The Secret to Sexy Salads

There is nothing sexy about soggy lettuce (unless you have a niche fetish for damp foliage, in which case, best of luck to you!). We’ve all had those superb salads that make us revalidate healthy eating as a delicious life decision, as well as those other inferior salads that leave our souls and stomachs empty inside.

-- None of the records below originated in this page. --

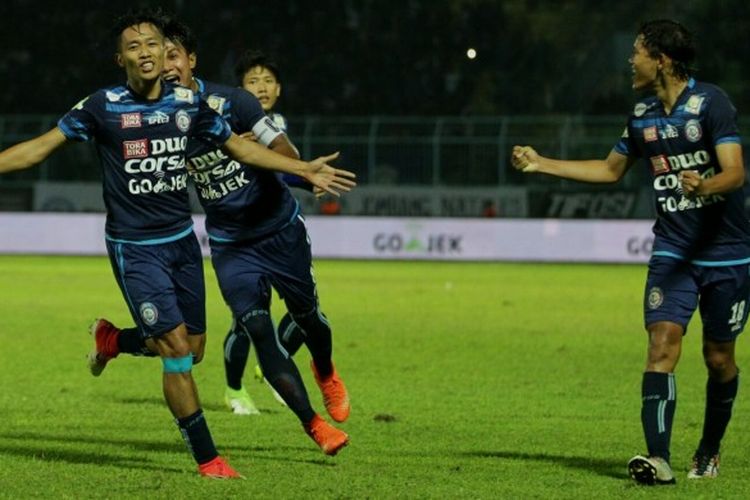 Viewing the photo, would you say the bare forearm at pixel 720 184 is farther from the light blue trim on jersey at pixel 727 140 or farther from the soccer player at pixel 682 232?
the light blue trim on jersey at pixel 727 140

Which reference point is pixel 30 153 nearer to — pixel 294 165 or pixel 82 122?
pixel 82 122

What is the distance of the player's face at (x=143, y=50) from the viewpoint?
25.8 feet

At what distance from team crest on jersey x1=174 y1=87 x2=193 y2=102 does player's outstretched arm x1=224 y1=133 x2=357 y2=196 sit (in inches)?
12.1

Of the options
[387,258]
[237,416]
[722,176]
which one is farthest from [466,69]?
[722,176]

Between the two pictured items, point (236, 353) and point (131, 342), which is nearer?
point (131, 342)

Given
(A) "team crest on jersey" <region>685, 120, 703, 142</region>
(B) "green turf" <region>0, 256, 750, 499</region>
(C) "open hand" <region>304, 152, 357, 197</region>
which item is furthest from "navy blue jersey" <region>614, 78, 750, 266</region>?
(C) "open hand" <region>304, 152, 357, 197</region>

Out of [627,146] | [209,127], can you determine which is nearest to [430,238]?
[627,146]

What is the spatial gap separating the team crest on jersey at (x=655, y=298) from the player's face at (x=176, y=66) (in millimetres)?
2972

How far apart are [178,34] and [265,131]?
108 cm

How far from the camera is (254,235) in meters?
9.28

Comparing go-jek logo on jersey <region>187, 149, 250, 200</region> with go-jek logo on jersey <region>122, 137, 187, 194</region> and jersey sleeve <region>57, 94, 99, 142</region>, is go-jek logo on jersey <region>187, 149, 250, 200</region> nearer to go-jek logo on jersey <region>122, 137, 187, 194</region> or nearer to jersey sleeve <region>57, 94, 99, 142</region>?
go-jek logo on jersey <region>122, 137, 187, 194</region>

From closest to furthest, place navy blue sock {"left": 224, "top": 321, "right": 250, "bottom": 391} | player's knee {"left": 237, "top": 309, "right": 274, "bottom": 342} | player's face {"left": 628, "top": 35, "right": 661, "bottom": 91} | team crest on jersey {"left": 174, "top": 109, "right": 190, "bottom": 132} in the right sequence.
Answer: player's face {"left": 628, "top": 35, "right": 661, "bottom": 91} → team crest on jersey {"left": 174, "top": 109, "right": 190, "bottom": 132} → player's knee {"left": 237, "top": 309, "right": 274, "bottom": 342} → navy blue sock {"left": 224, "top": 321, "right": 250, "bottom": 391}

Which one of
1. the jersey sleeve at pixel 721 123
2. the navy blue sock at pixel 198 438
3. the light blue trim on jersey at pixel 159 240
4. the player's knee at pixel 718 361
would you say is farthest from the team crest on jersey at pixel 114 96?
the player's knee at pixel 718 361

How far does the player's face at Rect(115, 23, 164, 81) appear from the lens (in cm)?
786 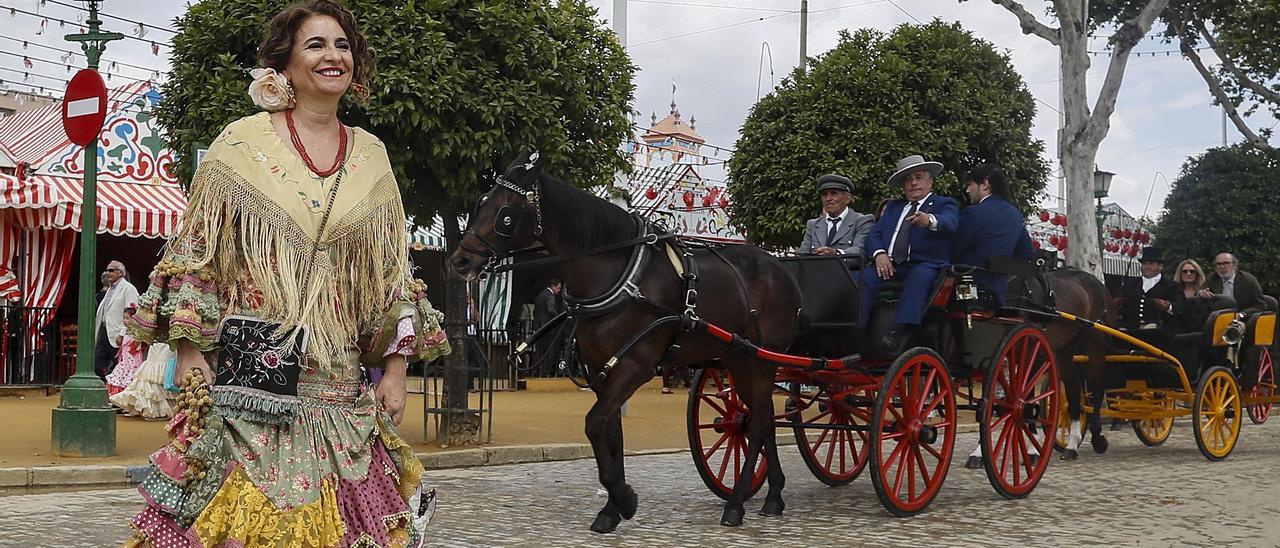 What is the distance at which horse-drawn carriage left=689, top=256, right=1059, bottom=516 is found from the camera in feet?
27.0

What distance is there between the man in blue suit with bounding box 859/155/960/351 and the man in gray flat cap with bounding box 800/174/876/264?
258mm

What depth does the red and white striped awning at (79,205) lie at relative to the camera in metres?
15.9

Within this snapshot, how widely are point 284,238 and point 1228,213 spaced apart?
29.8 meters

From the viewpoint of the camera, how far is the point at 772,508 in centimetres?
816

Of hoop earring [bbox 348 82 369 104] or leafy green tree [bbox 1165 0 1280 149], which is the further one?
leafy green tree [bbox 1165 0 1280 149]

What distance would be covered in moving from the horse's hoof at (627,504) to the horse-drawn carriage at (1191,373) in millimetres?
5556

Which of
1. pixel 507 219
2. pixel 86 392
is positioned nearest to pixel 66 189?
pixel 86 392

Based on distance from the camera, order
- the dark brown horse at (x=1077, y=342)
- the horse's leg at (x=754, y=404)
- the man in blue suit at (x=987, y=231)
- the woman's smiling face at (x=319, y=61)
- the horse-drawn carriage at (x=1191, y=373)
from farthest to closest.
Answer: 1. the horse-drawn carriage at (x=1191, y=373)
2. the dark brown horse at (x=1077, y=342)
3. the man in blue suit at (x=987, y=231)
4. the horse's leg at (x=754, y=404)
5. the woman's smiling face at (x=319, y=61)

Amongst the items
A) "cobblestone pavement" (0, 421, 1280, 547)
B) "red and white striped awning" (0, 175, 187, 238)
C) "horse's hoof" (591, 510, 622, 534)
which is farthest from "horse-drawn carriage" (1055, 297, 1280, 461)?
"red and white striped awning" (0, 175, 187, 238)

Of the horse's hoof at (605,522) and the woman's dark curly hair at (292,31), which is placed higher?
the woman's dark curly hair at (292,31)

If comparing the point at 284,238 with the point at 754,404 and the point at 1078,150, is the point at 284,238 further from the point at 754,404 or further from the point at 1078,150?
the point at 1078,150

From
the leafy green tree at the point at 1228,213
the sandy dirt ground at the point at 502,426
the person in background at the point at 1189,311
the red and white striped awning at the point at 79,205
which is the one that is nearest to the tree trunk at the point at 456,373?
the sandy dirt ground at the point at 502,426

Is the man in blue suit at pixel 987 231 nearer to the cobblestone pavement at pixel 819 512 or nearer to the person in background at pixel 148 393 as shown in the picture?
the cobblestone pavement at pixel 819 512

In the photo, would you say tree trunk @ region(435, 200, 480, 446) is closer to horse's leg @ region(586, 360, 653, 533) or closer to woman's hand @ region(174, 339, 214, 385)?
horse's leg @ region(586, 360, 653, 533) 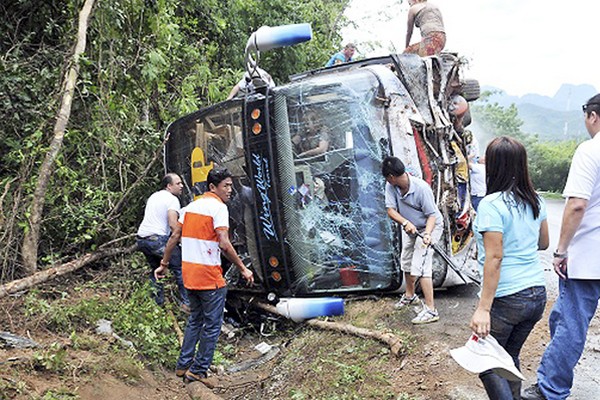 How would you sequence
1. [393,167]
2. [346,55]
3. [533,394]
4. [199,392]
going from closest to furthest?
[533,394] < [199,392] < [393,167] < [346,55]

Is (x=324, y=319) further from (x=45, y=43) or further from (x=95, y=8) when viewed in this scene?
(x=45, y=43)

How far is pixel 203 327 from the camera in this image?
4.31 metres

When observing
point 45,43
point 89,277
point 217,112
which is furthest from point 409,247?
point 45,43

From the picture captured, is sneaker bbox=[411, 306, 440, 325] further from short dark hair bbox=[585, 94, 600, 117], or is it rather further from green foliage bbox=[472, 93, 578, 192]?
green foliage bbox=[472, 93, 578, 192]

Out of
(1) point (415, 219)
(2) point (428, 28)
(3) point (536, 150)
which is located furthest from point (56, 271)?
(3) point (536, 150)

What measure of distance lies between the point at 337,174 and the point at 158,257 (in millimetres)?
2122

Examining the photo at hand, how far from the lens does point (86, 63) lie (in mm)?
5789

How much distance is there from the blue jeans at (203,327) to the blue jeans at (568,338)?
2338 mm

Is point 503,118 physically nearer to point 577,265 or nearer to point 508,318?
point 577,265

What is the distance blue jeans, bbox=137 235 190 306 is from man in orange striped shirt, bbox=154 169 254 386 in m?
1.39

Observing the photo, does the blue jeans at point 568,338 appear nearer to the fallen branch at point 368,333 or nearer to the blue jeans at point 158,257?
the fallen branch at point 368,333

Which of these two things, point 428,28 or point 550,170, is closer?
point 428,28

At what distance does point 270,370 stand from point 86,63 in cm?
366

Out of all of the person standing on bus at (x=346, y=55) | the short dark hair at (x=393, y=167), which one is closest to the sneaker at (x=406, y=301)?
the short dark hair at (x=393, y=167) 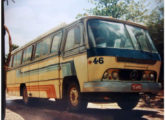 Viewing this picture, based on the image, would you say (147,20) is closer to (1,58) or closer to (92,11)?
(92,11)

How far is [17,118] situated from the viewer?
4852mm

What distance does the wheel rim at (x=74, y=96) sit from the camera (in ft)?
15.6

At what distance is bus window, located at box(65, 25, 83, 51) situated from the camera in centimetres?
475

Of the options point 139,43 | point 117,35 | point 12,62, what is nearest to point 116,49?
point 117,35

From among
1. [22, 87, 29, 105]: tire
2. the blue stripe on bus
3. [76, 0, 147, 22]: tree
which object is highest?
[76, 0, 147, 22]: tree

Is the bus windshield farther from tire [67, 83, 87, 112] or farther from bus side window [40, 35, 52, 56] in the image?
bus side window [40, 35, 52, 56]

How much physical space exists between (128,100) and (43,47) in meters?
2.80

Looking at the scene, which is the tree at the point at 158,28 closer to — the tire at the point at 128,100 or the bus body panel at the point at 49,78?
the tire at the point at 128,100

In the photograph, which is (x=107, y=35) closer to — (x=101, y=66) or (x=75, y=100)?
(x=101, y=66)

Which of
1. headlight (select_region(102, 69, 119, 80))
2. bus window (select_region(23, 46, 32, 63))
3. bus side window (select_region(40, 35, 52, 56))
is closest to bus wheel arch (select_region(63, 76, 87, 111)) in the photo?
headlight (select_region(102, 69, 119, 80))

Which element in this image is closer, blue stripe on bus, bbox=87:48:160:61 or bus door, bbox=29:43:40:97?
blue stripe on bus, bbox=87:48:160:61

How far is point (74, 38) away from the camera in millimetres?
4945

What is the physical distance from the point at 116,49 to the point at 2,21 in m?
2.17

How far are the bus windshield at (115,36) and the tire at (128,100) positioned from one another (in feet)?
3.23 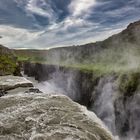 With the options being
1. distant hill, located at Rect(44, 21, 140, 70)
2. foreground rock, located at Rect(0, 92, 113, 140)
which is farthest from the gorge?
distant hill, located at Rect(44, 21, 140, 70)

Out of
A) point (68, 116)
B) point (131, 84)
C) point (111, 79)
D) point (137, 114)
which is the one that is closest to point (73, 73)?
point (111, 79)

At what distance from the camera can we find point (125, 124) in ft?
75.6

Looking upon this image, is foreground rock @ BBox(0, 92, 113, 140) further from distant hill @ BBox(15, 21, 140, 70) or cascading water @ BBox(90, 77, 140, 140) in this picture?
distant hill @ BBox(15, 21, 140, 70)

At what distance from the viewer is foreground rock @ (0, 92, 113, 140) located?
333 inches

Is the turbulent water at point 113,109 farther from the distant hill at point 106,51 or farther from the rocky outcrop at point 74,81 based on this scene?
the distant hill at point 106,51

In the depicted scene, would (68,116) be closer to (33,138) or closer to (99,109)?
(33,138)

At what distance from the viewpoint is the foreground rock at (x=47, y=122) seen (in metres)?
8.46

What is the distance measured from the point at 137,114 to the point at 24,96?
38.0 ft

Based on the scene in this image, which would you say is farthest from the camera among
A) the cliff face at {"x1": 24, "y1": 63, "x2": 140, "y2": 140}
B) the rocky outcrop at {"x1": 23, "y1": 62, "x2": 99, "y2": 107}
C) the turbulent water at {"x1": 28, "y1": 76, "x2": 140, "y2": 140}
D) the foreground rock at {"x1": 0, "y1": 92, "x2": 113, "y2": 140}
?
the rocky outcrop at {"x1": 23, "y1": 62, "x2": 99, "y2": 107}

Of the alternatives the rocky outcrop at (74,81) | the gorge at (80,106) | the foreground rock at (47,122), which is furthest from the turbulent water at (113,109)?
the foreground rock at (47,122)

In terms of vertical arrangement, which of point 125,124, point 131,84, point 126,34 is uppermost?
point 126,34

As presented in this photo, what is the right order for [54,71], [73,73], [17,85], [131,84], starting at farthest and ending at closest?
[54,71] → [73,73] → [131,84] → [17,85]

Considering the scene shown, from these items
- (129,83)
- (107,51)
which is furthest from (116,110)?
(107,51)

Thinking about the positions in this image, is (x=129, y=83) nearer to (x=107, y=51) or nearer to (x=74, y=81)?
(x=74, y=81) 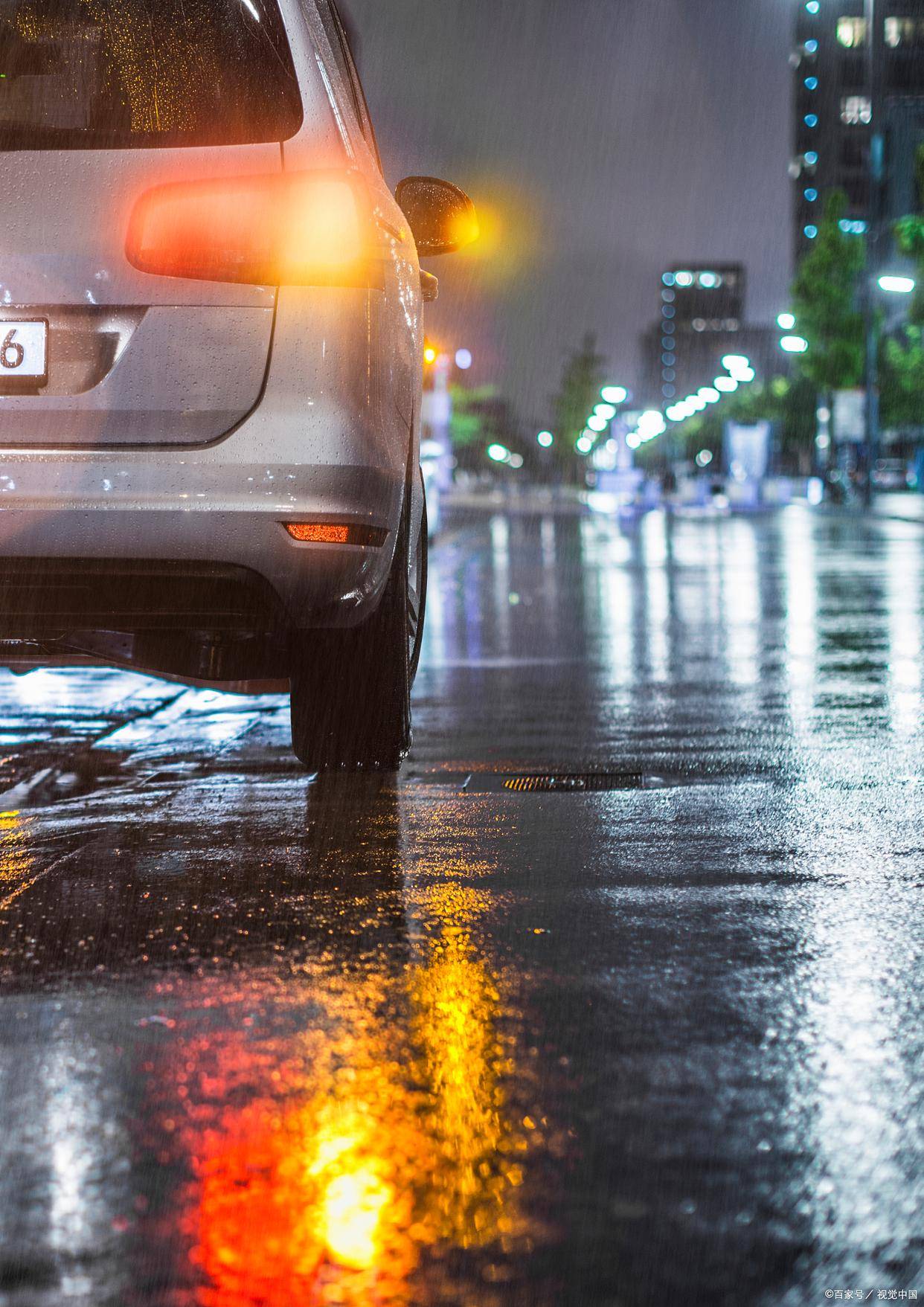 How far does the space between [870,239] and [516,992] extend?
137ft

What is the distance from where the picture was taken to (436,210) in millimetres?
5535

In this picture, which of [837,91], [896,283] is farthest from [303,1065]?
[837,91]

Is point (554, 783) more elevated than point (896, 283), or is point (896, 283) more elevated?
point (896, 283)

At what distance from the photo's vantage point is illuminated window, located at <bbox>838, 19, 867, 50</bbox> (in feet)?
517

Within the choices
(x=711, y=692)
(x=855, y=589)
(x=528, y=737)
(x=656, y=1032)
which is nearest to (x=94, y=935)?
(x=656, y=1032)

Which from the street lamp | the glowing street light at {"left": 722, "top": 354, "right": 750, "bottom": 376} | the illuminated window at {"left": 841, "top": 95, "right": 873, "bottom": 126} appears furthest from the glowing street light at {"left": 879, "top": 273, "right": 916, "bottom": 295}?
the illuminated window at {"left": 841, "top": 95, "right": 873, "bottom": 126}

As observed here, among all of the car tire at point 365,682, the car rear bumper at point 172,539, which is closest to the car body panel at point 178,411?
the car rear bumper at point 172,539

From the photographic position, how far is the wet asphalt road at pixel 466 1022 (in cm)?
219

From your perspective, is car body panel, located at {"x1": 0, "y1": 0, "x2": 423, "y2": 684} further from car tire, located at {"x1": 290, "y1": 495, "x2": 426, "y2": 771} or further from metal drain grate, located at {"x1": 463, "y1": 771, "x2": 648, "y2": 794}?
metal drain grate, located at {"x1": 463, "y1": 771, "x2": 648, "y2": 794}

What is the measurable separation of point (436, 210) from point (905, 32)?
137 meters

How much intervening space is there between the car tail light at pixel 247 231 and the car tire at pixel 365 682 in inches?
36.1

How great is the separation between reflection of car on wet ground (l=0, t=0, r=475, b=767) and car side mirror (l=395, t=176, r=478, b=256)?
0.90 metres

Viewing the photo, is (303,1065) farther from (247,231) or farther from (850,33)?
(850,33)

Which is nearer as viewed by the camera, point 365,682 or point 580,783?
point 365,682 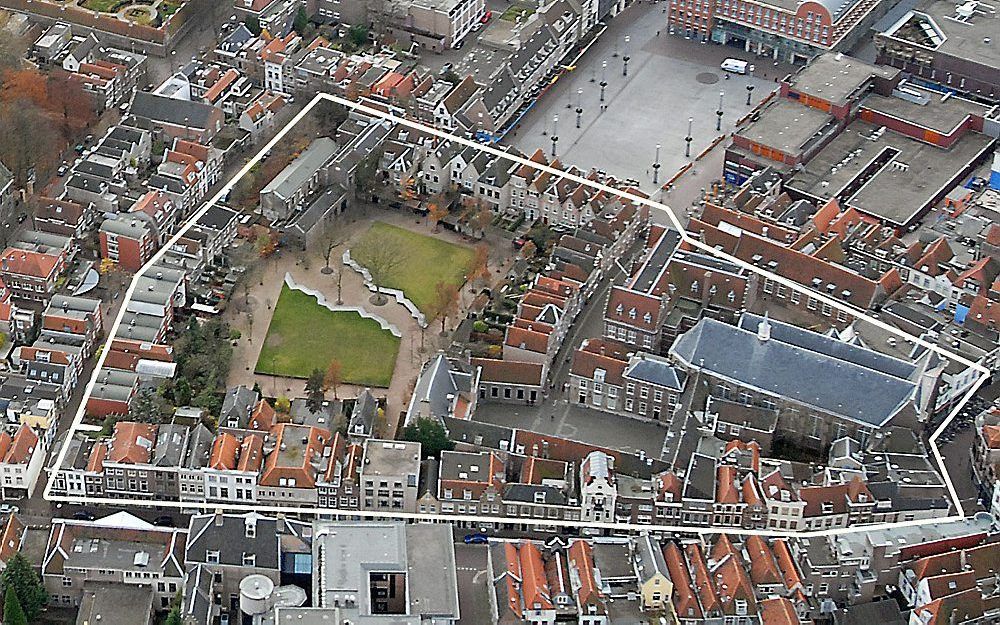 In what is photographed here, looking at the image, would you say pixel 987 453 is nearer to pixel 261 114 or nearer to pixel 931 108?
pixel 931 108

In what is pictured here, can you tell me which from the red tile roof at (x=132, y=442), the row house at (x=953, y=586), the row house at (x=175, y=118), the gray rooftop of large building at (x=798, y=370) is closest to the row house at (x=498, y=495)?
the gray rooftop of large building at (x=798, y=370)

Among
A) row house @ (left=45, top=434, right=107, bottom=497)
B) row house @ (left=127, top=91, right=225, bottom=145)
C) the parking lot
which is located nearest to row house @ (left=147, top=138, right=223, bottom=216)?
row house @ (left=127, top=91, right=225, bottom=145)

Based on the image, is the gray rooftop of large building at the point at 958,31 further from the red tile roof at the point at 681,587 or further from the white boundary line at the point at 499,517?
the red tile roof at the point at 681,587

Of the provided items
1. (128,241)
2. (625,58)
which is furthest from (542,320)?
(625,58)

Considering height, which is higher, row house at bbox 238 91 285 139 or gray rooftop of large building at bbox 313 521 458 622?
gray rooftop of large building at bbox 313 521 458 622

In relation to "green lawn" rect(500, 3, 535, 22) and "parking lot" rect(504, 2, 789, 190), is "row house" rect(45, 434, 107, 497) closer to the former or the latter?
"parking lot" rect(504, 2, 789, 190) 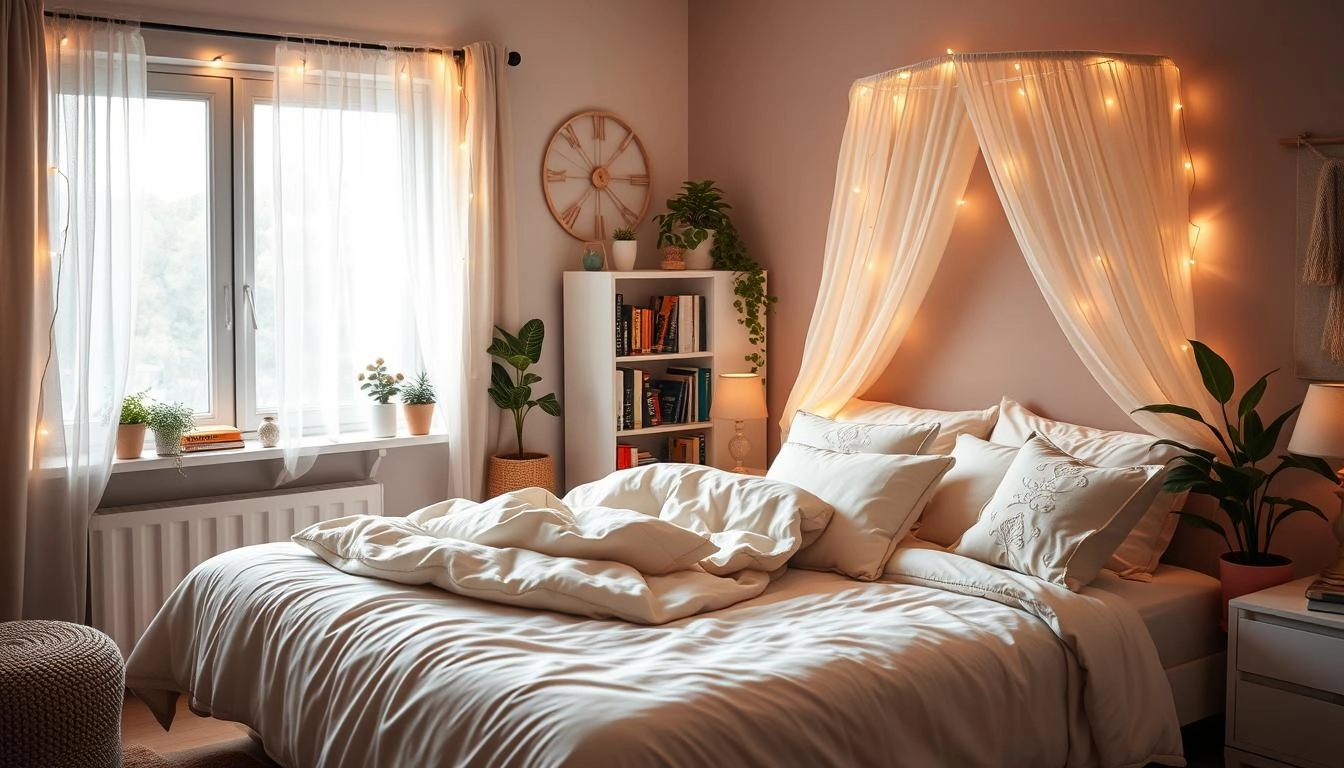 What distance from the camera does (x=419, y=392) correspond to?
15.2 ft

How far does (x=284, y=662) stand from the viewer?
2.84 metres

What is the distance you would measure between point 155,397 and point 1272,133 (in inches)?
147

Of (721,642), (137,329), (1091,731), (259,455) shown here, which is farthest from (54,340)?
(1091,731)

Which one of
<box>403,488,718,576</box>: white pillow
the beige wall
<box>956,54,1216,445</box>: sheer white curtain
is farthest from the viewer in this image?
the beige wall

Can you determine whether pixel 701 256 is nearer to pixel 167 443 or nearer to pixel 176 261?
pixel 176 261

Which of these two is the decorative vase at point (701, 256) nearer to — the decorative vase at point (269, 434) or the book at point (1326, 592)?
the decorative vase at point (269, 434)

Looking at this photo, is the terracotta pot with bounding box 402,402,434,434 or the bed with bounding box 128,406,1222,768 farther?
the terracotta pot with bounding box 402,402,434,434

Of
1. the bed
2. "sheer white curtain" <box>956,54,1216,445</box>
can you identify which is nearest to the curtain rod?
the bed

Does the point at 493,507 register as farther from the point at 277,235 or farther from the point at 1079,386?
the point at 1079,386

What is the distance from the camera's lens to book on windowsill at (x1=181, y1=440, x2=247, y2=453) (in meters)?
4.14

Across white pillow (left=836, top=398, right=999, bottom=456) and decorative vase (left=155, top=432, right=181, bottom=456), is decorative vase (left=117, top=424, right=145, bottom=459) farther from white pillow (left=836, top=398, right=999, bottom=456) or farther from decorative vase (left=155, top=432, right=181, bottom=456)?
white pillow (left=836, top=398, right=999, bottom=456)

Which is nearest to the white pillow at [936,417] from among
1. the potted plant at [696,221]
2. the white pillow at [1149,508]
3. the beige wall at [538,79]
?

So what is the secret to constructing a truly sexy salad? It’s all to do with balance. Balance the textures, balance the flavours, and rejoice in the tasty nutritious harmony that results!  For the novice home cooks, this may sound easier said than done, but fear not – follow this simply guide and you’ll be well on your way to salad stardom.

Balance the macros
First of all, make sure to include a mixture of carbs, protein and fats; this will ensure your salad will actually keep you full. Some suggestions include;

  • – carbs: quinoa, rice, buckwheat, pasta, freekah, potato, pumpkin
  • – protein: beans, lentils, chicken, salmon, tuna, lean cuts of red meat, haloumi, tofu
  • – fats: avocado, olive oil, nuts



Add the foliage 

There’s no rule saying you must use lettuce! Try different varieties of fancy lettuce, beetroot leaves, spinach or kale for something mild, rocket for something spicy, or celery leaves for a more aniseed flavour.



Balance the flavours

This is the slightly tricky part but it gets easier with practice! Aim for three of the five tastes of sweet, salty, sour, bitter and savoury. Some suggestions include;

  • – sweet: mango, orange, peaches, tomatoes, sweet potato, pumpkin, a drizzle of honey
  • – sour: apple cider or white wine vinegar
  • – bitter: lemon, lime, grapefruit
  • – salty: salt obviously, seafood
  • – savoury: miso, grains


Balance the textures

Now this is how you boredom bust your salads! Think about what you’ve already got and go through a little mental checklist. Have I got something crunchy? If not, add nuts or seeds. Have I got something soft / squishy? If not, add soft cheese, tofu, avocado, pumpkin etc. Have I got something in between? If not, think about your vegetables like capsicum, corn, beans etc.



Dress your salad

Always leave the dressing until you’re just about to serve to prevent your bottom from going soggy (the salad I mean). Rather than the calorie laden high sugar dressings from the supermarket, I often choose for a small sprinkle of oil (try macadamia, avocado, olive or rapeseed) and a spritz of vinegar (like balsamic, apple cider or white / red wine vinegar).

Ta-dah! You are now well on your way to slaying at salads. See, you can make friends with salad after all!